Directions for this task
The task calls for the lines below from the line with "Expansive exterior deck" to the line with "a bedroom with", both ends included, copied exactly, without any pictures.

Data to use

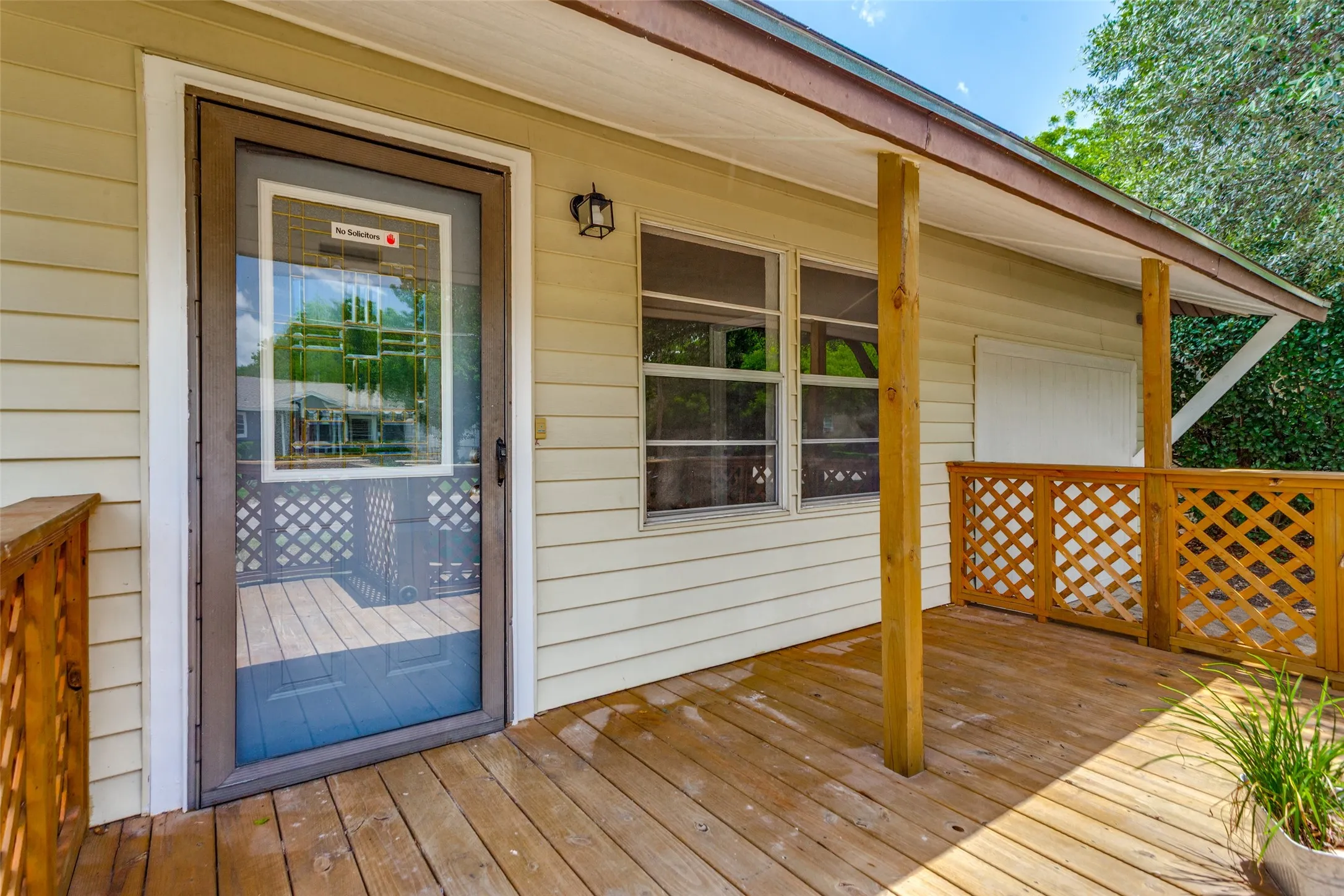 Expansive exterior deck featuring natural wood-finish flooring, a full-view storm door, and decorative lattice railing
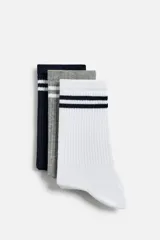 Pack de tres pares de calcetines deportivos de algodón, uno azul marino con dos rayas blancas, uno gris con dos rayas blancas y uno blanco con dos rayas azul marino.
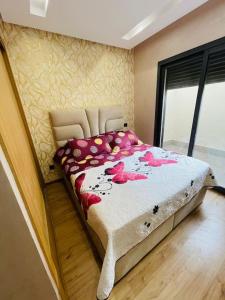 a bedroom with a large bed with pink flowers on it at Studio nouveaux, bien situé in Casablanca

...

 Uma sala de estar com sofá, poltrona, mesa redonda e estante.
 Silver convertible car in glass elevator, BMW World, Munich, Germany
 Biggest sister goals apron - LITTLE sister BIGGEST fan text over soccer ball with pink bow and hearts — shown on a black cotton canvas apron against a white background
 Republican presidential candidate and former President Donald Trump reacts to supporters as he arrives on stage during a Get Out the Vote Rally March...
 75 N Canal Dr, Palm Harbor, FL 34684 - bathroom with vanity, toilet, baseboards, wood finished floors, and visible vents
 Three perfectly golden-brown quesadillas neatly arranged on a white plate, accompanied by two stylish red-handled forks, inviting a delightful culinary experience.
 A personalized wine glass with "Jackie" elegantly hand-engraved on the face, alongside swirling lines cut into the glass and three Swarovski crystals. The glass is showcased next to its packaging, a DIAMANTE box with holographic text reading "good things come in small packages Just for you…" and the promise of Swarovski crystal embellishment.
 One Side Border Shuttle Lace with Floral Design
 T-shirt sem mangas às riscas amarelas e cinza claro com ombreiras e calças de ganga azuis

* * *

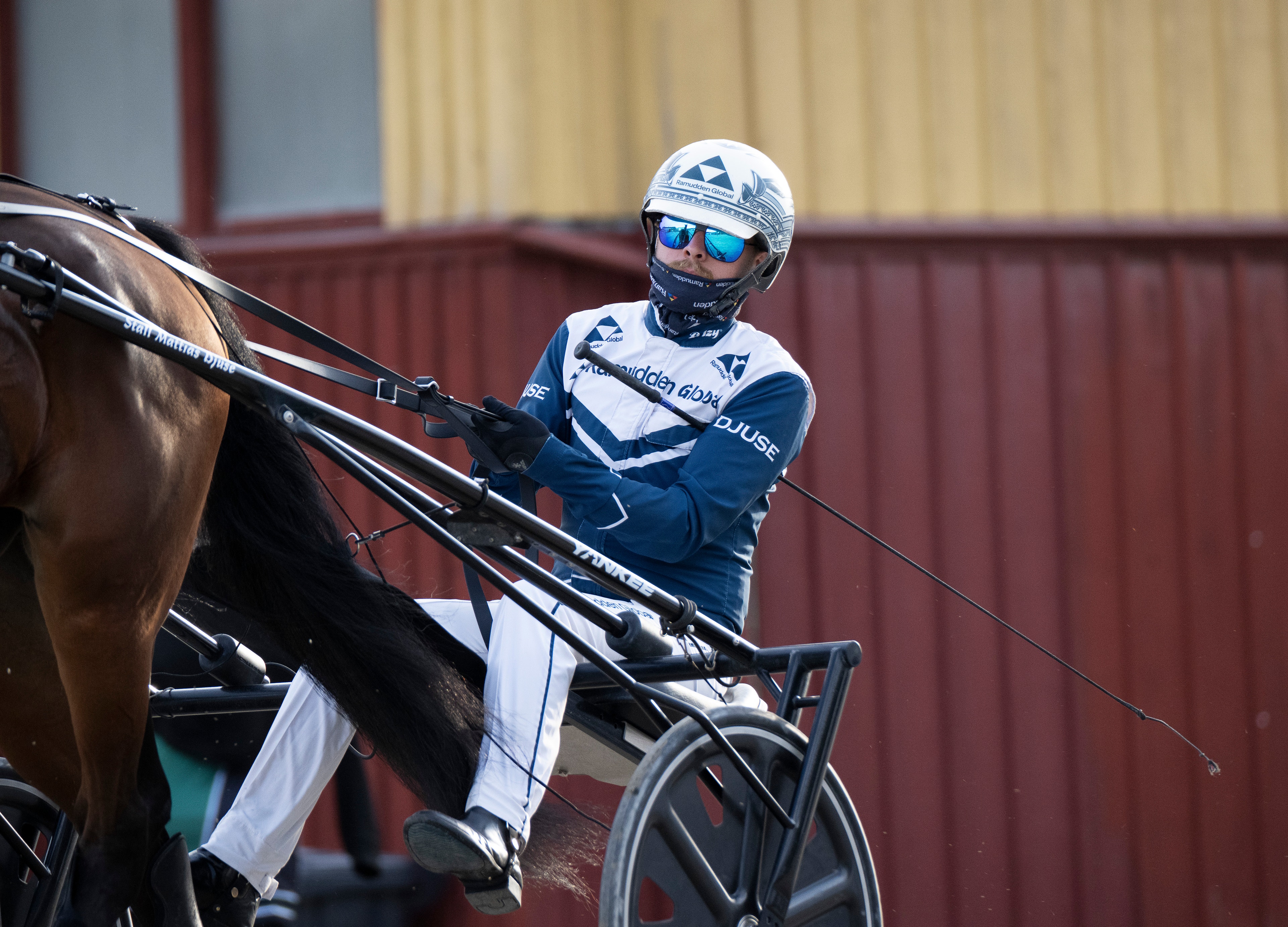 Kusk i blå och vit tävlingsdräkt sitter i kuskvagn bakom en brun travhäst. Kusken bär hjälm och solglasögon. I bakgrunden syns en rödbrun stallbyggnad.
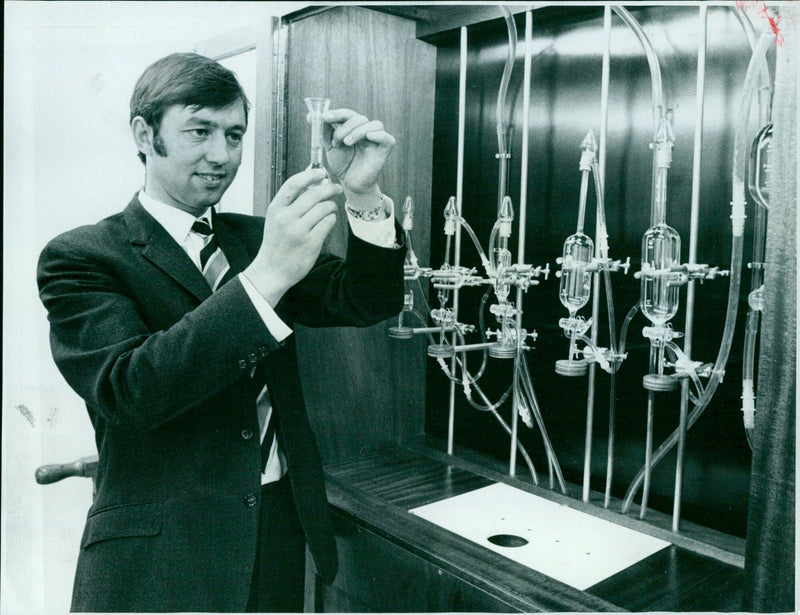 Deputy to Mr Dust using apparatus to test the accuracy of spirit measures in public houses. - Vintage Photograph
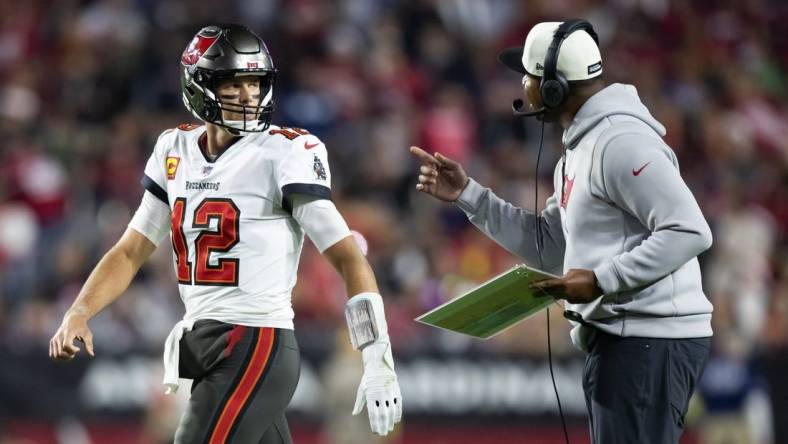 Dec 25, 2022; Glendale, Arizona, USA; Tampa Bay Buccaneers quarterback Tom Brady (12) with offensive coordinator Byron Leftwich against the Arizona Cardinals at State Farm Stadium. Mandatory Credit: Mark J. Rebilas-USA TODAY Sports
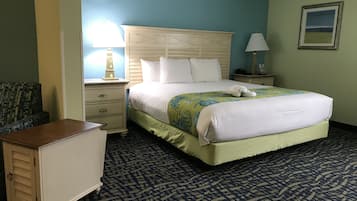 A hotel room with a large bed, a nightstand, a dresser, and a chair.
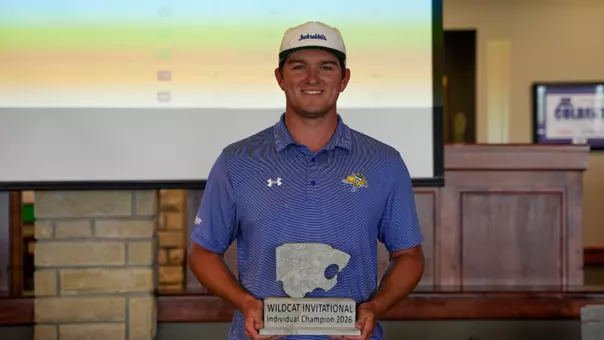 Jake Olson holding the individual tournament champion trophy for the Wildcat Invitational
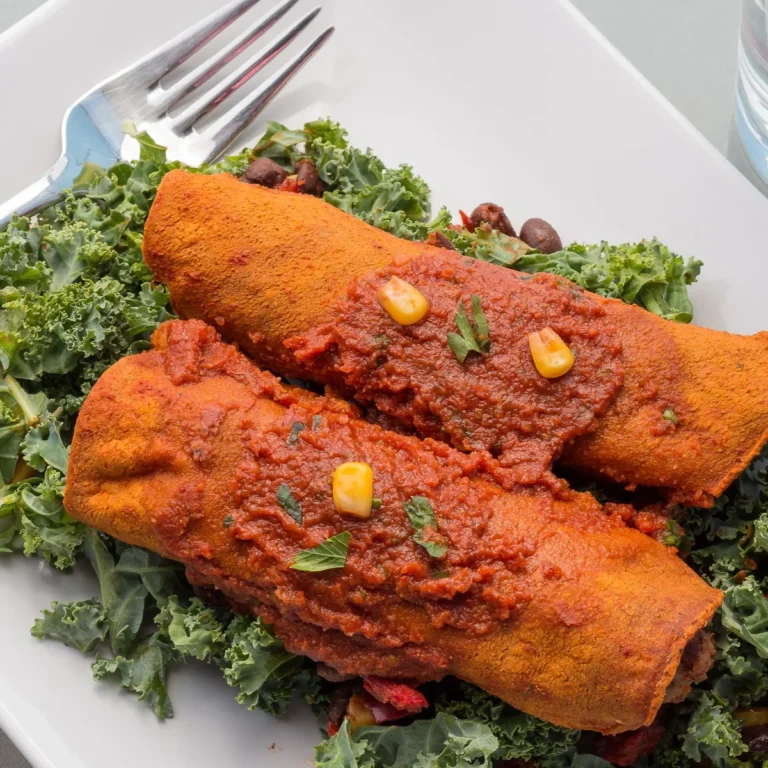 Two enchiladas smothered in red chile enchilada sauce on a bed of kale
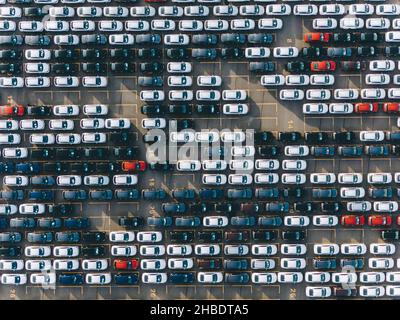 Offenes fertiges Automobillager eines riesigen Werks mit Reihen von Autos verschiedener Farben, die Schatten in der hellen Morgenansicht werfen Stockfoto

Result of the exercise
 Expansive exterior deck featuring natural wood-finish flooring, a full-view storm door, and decorative lattice railing
 Pack de tres pares de calcetines deportivos de algodón, uno azul marino con dos rayas blancas, uno gris con dos rayas blancas y uno blanco con dos rayas azul marino.
 a bedroom with a large bed with pink flowers on it at Studio nouveaux, bien situé in Casablanca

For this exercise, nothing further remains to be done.